Date of this Version
ISOTOPE CONTENT AND TEMPERATURE OF PRECIPITATION IN SOUTHERN NEVADA, AUGUST 1983-AUGUST 1986 By W.K. Milne, L.V. Benson, and P.W. McKinley. U.S. GEOLOGICAL SURVEY Open-File Report 87-463. Denver, Colorado 1987
From August 1983 through August 1986, 429 precipitation samples of 112 precipitation events were collected at 12 stations in southern Nevada. Some of these samples were analyzed for oxygen-18, deuterium, and tritium. The results of these analyses as well as the air temperature and the precipitation measured at the collection sites are tabulated in this report. The sampling program provides a data base for future interpretive studies on the timing and origin of ground-water recharge in the Yucca Mountain region, of southern Nevada.

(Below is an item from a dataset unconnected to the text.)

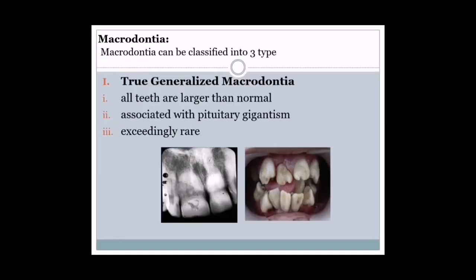Macrodontia: macrodontia is a condition in which the size of the tooth is larger than the normal one. Macrodontia can be classified into three types. Number one: true generalized macrodontia, in which all teeth are larger than normal.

The stable-isotope composition of precipitation is the result of fractionation processes that occur in the atmosphere. Isotopic trends in precipitation have been phenomenologically related to latitude, altitude, distance from moisture source area, season, precipitation, and air temperature (Dansgaard, 1964; Fritz and Fontes, 1980).
Even though tritium (3H) concentrations are small and relatively uniform over the oceans throughout the year, over the continents 3H increases in the lowest 2 kilometers of the troposphere during summer (Ehhalt, 1971, 1974; Fritz and Fontes, 1980). Ehhalt has attributed the occurrence of the summer-precipitation 3H peak to re-evaporation of continental moisture.
This progress report presents oxygen-18 (δ18O), deuterium (δD), 3H and temperature data collected from 12 stations in southern Nevada from August 1983 through August 1986.